Le syndicat patronal Medef a salué « les décisions pragmatiques et responsables » tout en exprimant son « opposition au principe d’un index seniors », qui obligerait les entreprises à révéler la part de leurs salariés âgés.
Le leader de La France insoumise, Jean-Luc Melenchon, a tweeté sa profonde déception face à ce qu’il perçoit comme une « grave régression sociale » de la part de la réforme Macron-Borne. Fabien Roussel, premier secrétaire du Parti communiste français, a lui aussi critiqué un « projet brutal de recul de l’âge de départ à la retraite ». Marine Le Pen, présidente du Rassemblement national, a évoqué sa « détermination pour faire barrage » face à la réforme « injuste » des retraites présentée par la première ministre.
Comment le gouvernement justifie-t-il sa réforme des retraites ? Explication
L’exécutif base sa réforme des retraites sur la nécessité d’assurer la pérennité du système de retraite par répartition.

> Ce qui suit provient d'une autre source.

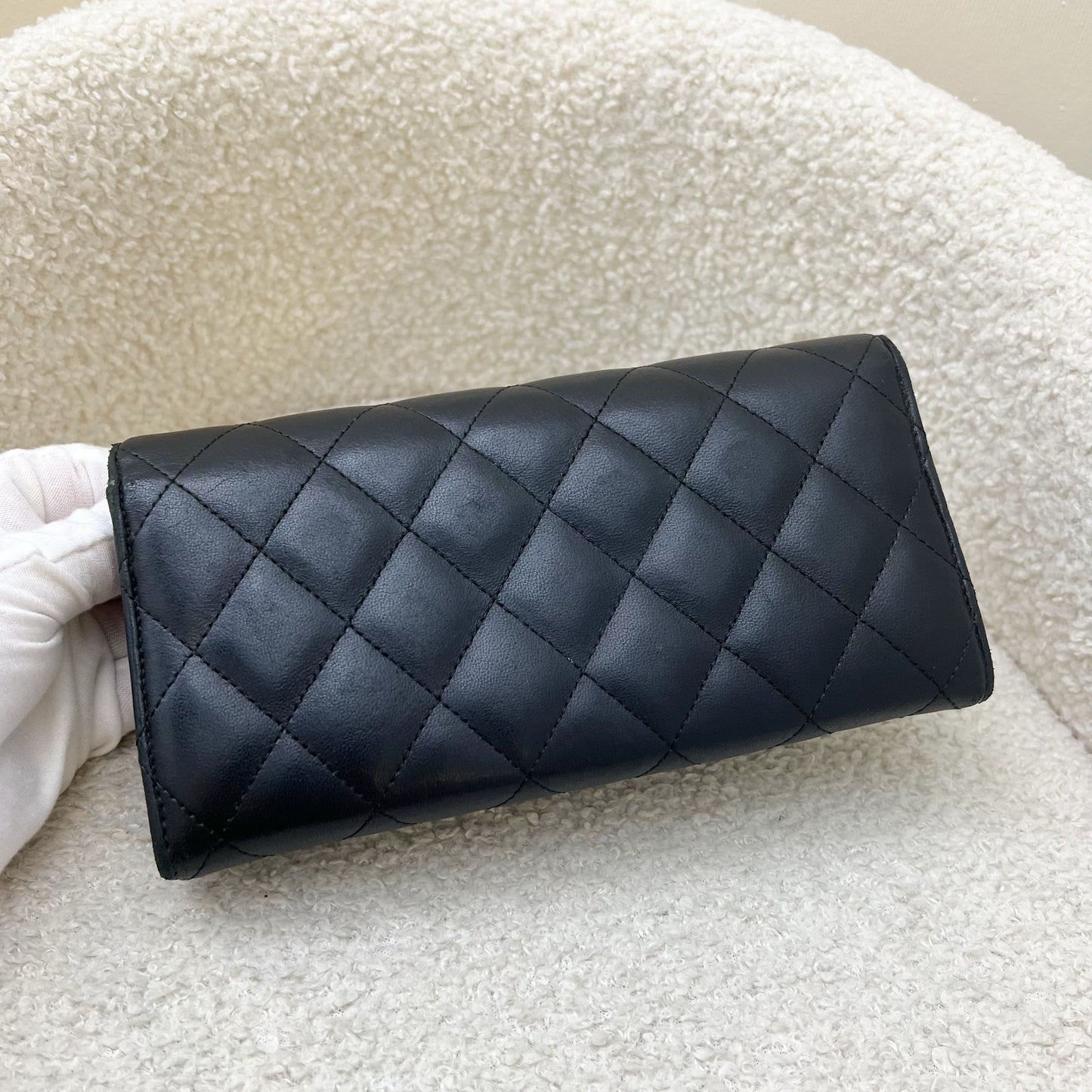 Chanel Classic Long Wallet In Black Lambskin And Shw Bag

Ce dernier repose sur le principe de solidarité intergénérationnelle, ou les actifs cotisent pour payer les pensions des retraités actuels. Or, le nombre de retraités croît plus rapidement que le nombre d’actifs, sous l’effet de l’allongement de l’espérance de vie.
D’après l’INSEE, en 2040, il y aura 1,5 cotisant pour un retraité, contre 4 cotisants pour un retraité en 1980.
Par conséquent, le gouvernement préconise de faire travailler les Français plus longtemps afin d’augmenter les cotisations pour « sauvegarder un système de retraite en danger ».
Ce constat est partagé, en partie, par le dernier rapport du Conseil d’Orientation des Retraites (COR) publié en septembre 2022. Dans l’ensemble des scénarios envisagés par le COR – qui défini ces prévisions selon plusieurs facteurs économiques comme le taux de chômage et le Produit Intérieur Brut – le système de retraite, en l’état actuel, deviendrait « potentiellement déficitaire jusqu’en 2039 ». Néanmoins le rapport du COR n’indique pas que le système de retraite français est « en danger » ou qu’une réforme de l’âge légal de départ en retraite est nécessaire à sa sauvegarde, comme l’affirme l’exécutif. « Les résultats du rapport ne valident pas le bien fondé des discours qui mettent en avant l’idée d’une dynamique non contrôlée des dépenses de retraite » lit-on dans le document.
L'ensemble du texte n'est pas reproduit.